After we perform a grouping with a key on a Dataset, we can operate on the Key Value Dataset with functions that will manipulate the groupings as raw objects:
def grpSum(countryName:String, values: Iterator[Flight]) = {
values.dropWhile(_.count < 5).map(x => (countryName, x))
}
flights.groupByKey(x => x.DEST_COUNTRY_NAME).flatMapGroups(grpSum).show(5)
+--------+--------------------+
| _1| _2|
+--------+--------------------+
|Anguilla|[Anguilla,United ...|
|Paraguay|[Paraguay,United ...|
| Russia|[Russia,United St...|
| Senegal|[Senegal,United S...|
| Sweden|[Sweden,United St...|
+--------+--------------------+
def grpSum2(f:Flight):Integer = {
1
}
flights.groupByKey(x => x.DEST_COUNTRY_NAME).mapValues(grpSum2).count().take(5)

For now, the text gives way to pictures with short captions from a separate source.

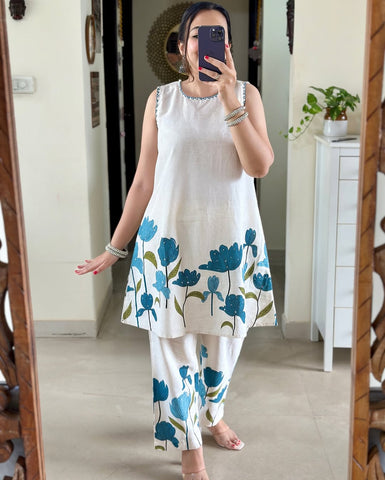 Blue Blossom Sleeveless Cotton Co-Ord Set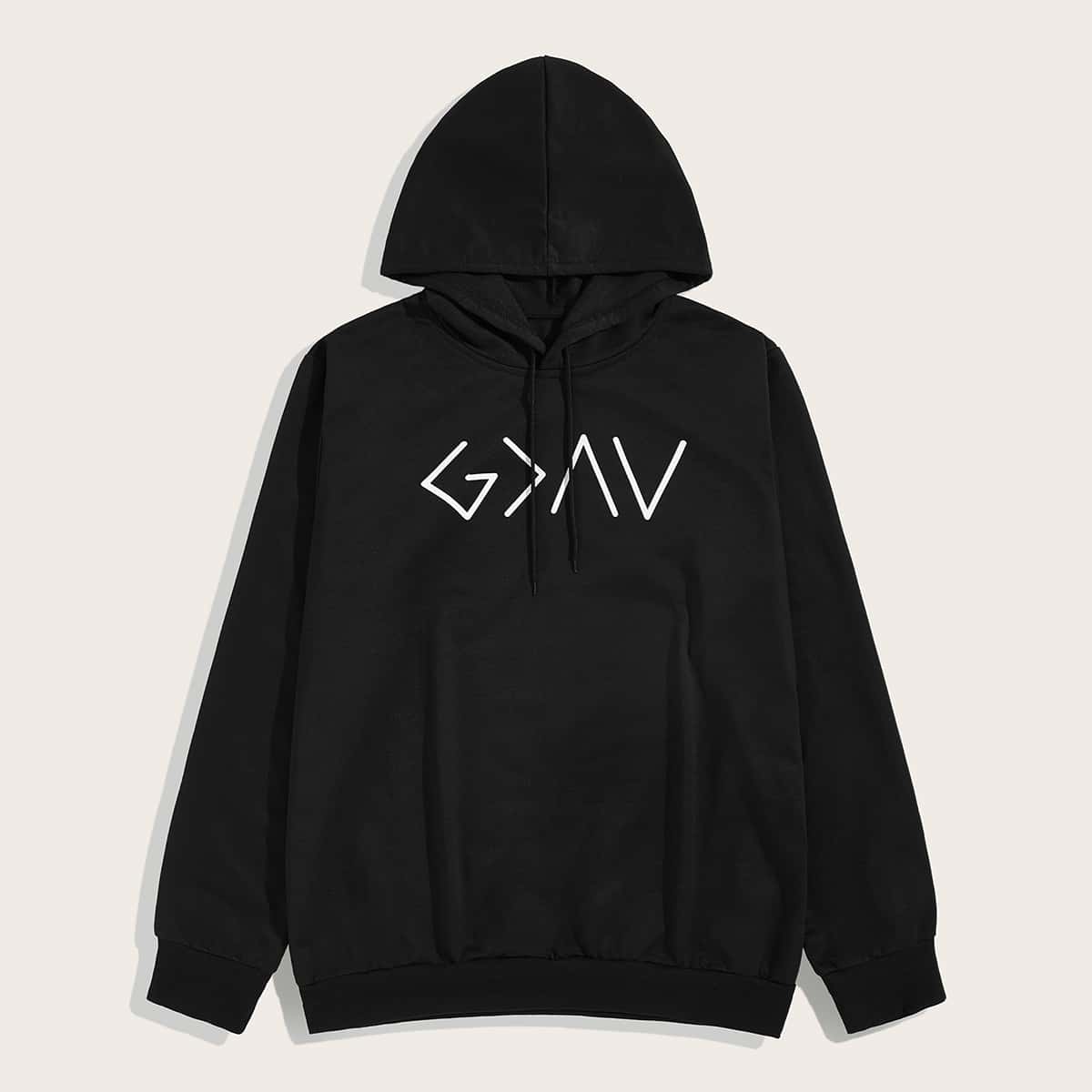 

Guys Letter Graphic Drawstring Hoodie, Black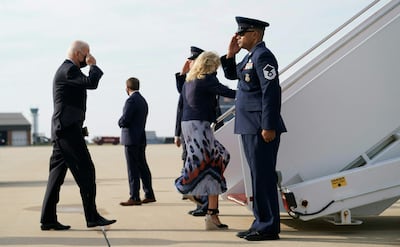 US President Joe Biden and First Lady Jill Biden make their way to board Air Force One before departing from New Castle Airport in Delaware, US, October 4. AFP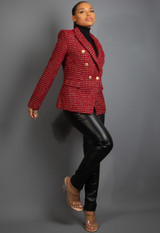 Metallic Woven Tweed Double Breasted Blazer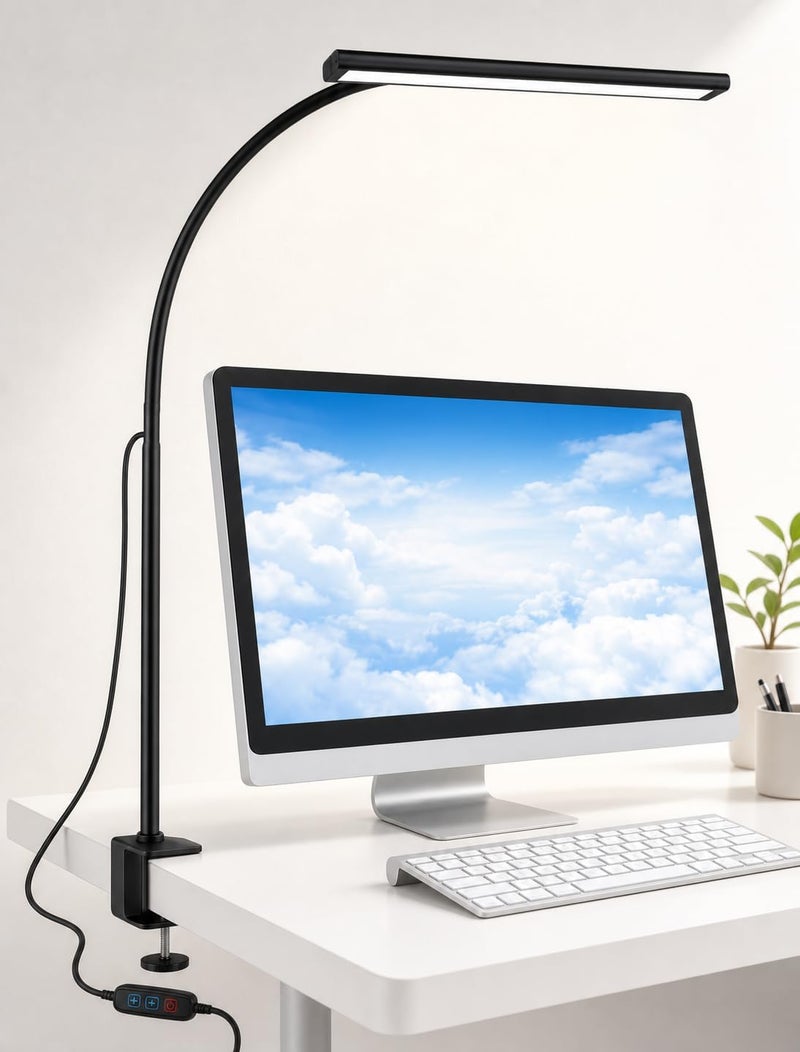 UREVO LED Desk Lamp with Clamp - Eye-Caring Task Light with 5 Colour Temperatures and 5 Brightness Levels, Black - Image 1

We can even create new manipulations and define how groups should be reduced:
def sum2(left:Flight, right:Flight) = {
Flight(left.DEST_COUNTRY_NAME, null, left.count + right.count)
}
flights.groupByKey(x => x.DEST_COUNTRY_NAME).reduceGroups((l, r) => sum2(l, r))
.take(5)
It should be straightfoward enough to understand that this is a more expensive process than aggregating immediately after scanning, especially because it ends up in the same end result:
flights.groupBy("DEST_COUNTRY_NAME").count().explain
== Physical Plan ==
*HashAggregate(keys=[DEST_COUNTRY_NAME#1308], functions=[count(1)])
+- Exchange hashpartitioning(DEST_COUNTRY_NAME#1308, 200)
+- *HashAggregate(keys=[DEST_COUNTRY_NAME#1308], functions=[partial_count(1)])
+- *FileScan parquet [DEST_COUNTRY_NAME#1308] Batched: tru...
This should motivate using Datasets only with user-defined encoding surgically and only where it makes sense. This might be at the beginning of a big data pipeline or at the end of one.